# Colliadial Silver for Tear Staining?



## Natures Encore (Jun 1, 2008)

Does it really work? 
What brand do you get, and how many ppm?
Do you use it topically or orally?

I found a 500 ppm, 4 oz bottle @ amazon for $21. Is this a good brand/price?

TIA,

Angela


----------



## Nikki's Mom (Feb 13, 2008)

I am not a regular user of colloidal silver, although I keep a bottle on hand for emergencies. It has antibacterial and antiviral properties. I don't think that I would use it topically for tear stains, as you're not supposed to get it in the eyes, and since the stains are usually so close to the eyes...I think that Eye Envy contains a tiny bit of colloidal silver. 

I'm not comfortable giving it orally to a dog. 

If you want to try something natural, grapefruit seed extract applied topically on the stains might work to kill the yeast/bacteria, but again, be careful of getting it in the eyes. 

I'm researching the internal causes of tear staining. It seems like an allergy, a low grade infection, or yeast accumulation. If that isn't cleared up, then the dog would probably continue to stain. Colloidal silver does kill bacteria/yeast, but if I were giving it internally, I'd do it with the guidance of a holistic vet.
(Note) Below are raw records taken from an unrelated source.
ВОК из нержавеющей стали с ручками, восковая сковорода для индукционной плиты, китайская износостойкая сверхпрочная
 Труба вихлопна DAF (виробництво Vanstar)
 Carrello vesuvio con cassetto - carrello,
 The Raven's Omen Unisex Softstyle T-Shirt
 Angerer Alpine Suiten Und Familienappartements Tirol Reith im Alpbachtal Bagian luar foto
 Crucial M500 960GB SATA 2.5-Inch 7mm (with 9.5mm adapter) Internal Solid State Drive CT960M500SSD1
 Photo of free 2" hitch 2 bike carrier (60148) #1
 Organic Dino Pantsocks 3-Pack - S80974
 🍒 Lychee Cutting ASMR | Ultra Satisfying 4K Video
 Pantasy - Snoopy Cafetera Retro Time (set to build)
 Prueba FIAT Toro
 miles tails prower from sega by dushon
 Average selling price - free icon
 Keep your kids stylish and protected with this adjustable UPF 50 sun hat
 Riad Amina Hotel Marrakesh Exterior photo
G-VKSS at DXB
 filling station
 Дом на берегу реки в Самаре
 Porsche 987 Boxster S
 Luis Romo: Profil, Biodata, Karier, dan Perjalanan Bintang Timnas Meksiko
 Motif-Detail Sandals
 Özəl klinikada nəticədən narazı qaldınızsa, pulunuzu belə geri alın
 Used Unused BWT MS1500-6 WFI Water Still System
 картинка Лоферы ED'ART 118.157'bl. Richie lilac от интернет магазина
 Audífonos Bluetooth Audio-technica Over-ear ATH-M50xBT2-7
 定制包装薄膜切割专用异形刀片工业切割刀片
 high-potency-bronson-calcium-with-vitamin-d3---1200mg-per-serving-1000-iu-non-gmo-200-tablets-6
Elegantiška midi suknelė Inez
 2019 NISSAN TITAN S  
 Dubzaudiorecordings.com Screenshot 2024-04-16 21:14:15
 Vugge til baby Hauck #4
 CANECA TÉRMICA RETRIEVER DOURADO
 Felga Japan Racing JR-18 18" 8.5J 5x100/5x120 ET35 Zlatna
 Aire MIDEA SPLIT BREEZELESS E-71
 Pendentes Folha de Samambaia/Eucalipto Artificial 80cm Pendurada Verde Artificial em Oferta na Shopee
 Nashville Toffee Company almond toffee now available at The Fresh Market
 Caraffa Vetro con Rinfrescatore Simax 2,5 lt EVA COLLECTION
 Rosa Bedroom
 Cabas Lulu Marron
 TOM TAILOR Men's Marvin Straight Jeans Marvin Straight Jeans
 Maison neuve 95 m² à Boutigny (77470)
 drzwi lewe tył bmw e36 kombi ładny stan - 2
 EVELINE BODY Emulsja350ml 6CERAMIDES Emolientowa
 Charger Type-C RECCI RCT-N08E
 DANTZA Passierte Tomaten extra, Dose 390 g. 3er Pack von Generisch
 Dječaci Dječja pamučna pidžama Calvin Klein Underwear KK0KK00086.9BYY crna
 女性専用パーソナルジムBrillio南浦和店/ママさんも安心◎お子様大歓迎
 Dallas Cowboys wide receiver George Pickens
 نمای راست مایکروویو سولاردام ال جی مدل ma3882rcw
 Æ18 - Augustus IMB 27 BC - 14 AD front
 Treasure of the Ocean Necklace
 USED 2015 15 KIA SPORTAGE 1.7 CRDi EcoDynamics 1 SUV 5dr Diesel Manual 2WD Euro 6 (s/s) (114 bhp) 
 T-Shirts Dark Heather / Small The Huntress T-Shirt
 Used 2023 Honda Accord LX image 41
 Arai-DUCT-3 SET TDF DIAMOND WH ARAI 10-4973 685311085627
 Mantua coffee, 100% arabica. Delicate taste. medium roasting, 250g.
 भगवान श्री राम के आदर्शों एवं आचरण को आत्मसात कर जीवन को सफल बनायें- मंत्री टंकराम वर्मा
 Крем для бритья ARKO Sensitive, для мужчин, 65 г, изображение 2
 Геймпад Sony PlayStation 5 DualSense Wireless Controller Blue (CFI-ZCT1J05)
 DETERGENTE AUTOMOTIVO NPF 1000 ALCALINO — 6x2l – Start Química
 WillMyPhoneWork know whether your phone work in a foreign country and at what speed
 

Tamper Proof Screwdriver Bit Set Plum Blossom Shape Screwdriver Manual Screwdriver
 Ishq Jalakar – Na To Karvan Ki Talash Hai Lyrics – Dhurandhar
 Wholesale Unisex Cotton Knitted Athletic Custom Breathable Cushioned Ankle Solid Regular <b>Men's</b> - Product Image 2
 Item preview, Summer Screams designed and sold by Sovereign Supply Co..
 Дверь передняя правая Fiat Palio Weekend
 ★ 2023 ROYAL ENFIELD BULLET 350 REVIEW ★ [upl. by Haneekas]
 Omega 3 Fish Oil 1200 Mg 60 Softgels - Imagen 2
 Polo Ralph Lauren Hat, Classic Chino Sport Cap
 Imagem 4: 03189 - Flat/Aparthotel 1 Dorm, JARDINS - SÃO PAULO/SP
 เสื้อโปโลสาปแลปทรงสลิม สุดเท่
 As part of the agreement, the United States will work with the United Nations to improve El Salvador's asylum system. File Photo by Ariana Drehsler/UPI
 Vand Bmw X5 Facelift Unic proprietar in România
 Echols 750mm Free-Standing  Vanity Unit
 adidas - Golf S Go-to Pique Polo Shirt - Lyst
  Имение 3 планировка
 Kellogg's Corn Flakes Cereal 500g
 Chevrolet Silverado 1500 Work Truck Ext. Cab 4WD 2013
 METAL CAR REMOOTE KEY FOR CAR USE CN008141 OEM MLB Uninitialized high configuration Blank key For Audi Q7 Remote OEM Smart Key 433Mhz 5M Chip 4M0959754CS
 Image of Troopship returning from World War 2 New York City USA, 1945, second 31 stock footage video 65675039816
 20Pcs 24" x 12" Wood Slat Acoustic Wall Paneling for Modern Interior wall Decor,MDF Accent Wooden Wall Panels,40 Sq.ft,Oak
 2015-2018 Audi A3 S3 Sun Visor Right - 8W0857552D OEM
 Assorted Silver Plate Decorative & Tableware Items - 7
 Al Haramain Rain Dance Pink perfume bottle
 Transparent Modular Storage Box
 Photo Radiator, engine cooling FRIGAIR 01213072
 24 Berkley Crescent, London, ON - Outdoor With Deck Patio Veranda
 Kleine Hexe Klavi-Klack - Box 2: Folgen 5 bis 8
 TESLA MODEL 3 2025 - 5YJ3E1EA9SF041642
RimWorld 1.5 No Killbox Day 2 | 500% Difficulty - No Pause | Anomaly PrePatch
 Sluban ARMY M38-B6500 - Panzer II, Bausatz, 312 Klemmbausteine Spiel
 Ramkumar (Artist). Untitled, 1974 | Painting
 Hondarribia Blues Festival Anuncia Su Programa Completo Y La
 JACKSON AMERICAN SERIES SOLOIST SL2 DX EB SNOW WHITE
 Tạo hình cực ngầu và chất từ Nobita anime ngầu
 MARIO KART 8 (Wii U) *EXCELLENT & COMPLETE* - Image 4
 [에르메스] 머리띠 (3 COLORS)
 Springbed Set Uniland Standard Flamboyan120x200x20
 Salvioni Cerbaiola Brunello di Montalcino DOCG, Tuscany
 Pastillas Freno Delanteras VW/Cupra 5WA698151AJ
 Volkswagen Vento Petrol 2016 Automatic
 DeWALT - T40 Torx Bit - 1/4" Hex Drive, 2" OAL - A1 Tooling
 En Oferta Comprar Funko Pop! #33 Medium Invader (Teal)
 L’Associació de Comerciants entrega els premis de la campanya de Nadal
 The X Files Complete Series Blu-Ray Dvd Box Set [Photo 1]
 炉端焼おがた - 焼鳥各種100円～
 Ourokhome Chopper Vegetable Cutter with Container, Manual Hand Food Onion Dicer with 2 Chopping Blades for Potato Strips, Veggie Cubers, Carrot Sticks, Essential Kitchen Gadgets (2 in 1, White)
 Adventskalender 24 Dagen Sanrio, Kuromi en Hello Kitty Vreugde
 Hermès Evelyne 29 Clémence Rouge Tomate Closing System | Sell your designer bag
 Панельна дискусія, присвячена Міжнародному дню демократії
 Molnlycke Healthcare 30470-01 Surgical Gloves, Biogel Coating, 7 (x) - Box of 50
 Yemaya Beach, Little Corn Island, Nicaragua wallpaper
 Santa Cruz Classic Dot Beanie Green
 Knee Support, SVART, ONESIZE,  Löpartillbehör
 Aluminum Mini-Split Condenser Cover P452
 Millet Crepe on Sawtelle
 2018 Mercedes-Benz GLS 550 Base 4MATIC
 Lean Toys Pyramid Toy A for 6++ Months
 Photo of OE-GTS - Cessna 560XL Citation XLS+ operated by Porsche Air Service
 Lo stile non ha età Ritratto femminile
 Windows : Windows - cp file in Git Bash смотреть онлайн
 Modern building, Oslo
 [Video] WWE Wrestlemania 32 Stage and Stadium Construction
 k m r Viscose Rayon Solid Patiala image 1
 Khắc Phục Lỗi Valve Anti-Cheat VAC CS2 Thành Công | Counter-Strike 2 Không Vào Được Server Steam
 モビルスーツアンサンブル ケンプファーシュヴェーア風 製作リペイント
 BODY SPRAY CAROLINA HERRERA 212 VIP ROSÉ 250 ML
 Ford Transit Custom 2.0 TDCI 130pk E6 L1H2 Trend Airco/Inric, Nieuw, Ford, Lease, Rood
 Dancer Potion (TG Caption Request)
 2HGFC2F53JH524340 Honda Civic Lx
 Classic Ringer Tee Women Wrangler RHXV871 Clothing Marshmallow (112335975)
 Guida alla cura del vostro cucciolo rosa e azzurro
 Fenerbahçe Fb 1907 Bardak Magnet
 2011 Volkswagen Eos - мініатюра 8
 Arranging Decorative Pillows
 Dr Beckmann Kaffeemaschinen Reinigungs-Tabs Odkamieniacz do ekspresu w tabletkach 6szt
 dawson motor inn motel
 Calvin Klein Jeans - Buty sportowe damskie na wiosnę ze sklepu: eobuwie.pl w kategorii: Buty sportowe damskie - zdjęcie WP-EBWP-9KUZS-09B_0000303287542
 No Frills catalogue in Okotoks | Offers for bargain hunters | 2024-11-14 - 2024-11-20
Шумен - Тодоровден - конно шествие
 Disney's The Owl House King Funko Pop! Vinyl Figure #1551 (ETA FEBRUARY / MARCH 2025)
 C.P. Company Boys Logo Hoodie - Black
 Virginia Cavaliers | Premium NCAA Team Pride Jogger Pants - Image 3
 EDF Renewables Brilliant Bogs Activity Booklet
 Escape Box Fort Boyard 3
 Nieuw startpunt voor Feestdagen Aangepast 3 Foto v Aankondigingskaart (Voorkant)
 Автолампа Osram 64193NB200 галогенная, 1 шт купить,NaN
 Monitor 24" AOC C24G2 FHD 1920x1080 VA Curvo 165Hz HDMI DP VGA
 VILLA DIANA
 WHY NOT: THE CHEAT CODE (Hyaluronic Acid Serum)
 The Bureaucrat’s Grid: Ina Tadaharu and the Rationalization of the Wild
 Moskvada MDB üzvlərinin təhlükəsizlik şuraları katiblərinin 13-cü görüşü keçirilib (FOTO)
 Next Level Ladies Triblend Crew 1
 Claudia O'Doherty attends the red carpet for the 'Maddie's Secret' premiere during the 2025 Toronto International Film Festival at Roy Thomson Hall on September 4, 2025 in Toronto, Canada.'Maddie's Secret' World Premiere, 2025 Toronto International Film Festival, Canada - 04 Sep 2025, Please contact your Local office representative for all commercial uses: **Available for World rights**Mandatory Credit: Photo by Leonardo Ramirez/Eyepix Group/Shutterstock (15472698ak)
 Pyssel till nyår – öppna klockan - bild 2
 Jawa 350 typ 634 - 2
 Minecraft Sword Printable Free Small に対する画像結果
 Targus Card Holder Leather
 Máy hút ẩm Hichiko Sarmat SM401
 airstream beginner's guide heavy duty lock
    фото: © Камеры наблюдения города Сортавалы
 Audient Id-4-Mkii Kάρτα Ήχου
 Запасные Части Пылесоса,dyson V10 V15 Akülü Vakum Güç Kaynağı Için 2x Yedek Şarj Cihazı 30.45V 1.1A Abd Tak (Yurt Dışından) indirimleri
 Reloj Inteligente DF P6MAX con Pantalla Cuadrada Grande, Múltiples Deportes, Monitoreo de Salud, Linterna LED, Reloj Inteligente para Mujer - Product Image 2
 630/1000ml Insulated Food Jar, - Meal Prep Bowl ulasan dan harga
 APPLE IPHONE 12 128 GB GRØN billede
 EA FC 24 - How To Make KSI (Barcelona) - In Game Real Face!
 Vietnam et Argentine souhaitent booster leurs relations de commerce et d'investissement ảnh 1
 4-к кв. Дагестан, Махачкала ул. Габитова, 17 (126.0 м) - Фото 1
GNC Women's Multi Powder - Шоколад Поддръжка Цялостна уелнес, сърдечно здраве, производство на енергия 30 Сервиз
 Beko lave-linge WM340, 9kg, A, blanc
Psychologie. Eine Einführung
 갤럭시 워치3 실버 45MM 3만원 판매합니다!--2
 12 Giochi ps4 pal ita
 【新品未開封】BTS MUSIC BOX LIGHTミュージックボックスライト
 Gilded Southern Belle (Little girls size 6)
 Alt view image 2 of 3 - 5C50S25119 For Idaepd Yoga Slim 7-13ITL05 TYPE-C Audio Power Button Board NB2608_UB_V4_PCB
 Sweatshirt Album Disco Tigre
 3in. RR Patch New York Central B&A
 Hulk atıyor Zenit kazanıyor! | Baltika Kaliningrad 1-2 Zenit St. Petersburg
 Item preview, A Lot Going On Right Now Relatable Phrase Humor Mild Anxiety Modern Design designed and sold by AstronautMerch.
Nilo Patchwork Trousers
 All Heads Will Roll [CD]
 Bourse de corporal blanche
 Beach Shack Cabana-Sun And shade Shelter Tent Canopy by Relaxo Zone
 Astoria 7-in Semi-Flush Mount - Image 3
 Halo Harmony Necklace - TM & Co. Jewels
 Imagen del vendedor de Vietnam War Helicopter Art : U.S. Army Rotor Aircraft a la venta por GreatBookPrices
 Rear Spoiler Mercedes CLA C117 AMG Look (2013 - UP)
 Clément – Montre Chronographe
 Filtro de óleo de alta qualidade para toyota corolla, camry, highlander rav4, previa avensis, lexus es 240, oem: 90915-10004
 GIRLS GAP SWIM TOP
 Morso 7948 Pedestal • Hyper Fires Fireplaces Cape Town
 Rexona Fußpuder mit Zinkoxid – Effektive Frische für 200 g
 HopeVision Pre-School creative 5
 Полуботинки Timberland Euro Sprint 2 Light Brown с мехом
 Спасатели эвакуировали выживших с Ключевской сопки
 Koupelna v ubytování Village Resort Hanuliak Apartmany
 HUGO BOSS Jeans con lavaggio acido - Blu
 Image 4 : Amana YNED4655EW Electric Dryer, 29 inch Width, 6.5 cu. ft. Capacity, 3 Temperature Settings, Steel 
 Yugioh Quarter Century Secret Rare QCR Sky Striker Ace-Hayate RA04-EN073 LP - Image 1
Heavy metals are not something to fool around with.


----------



## cloey70 (Jan 6, 2008)

This website has suggested Colliadial Silver and other remedies: This is a great site, and was referred to me by many others here:

bhejei


----------



## Nikki's Mom (Feb 13, 2008)

With all due respect to other websites offering information, I personally would not recommend colloidal silver for animals, unless the animal owner has used it before and is very familiar with it. I'd recommend that they seek the advice of a holistic vet if they want to use colloidal silver. Silver is a toxic heavy metal and must be used very carefully. 

I'm a huge supporter of home remedies, holistic medicine, herbal remedies, and natural foods. I'm obviously skeptical of traditional medicine. However, there are all sorts of recommendations for "natural cures" on websites. Additional research helps. For every site that sings the praises of colloidal silver, there are sites that warn of dangers. Just google "colloidal silver danger." Like I said before, I keep it in my home for emergencies, like if there is a huge disaster, I'm hurt, and I can't get to a doctor for antibiotics. Otherwise, it stays on the shelf.


----------



## Cosy (Feb 9, 2006)

QUOTE (cloey70 @ Jul 28 2008, 10:44 AM) index.php?act=findpost&pid=612355


> This website has suggested Colliadial Silver and other remedies: This is a great site, and was referred to me by many others here:
> 
> bhejei[/B]



Yes, the site is good but as you see Bobbi Linden even stated she had never
tried colloidal silver in the eyes. Since she does not state dosage or
strength, I would consult a vet before purchasing. I would search for the source of the staining before resorting to this product. Keeping the eyes free 
of debris with a good eye wash twice a day can help. A change of diet may be
needed as food allergies are common.


----------



## Deborah (Jan 8, 2006)

Colliadial Silver do not use this for any thing. Oprah had a man on her show this year that turned BLUE from using it. There are better things out there.


----------



## Natures Encore (Jun 1, 2008)

QUOTE (cloey70 @ Jul 28 2008, 10:44 AM) index.php?act=findpost&pid=612355


> This website has suggested Colliadial Silver and other remedies: This is a great site, and was referred to me by many others here:
> 
> bhejei[/B]


This site is actually what prompted my questioning. I'm a HUGE research nut, and will research the pros and cons before trying anything. I figured I'd ask here, since a lot of SM members utilize the info on the above site. 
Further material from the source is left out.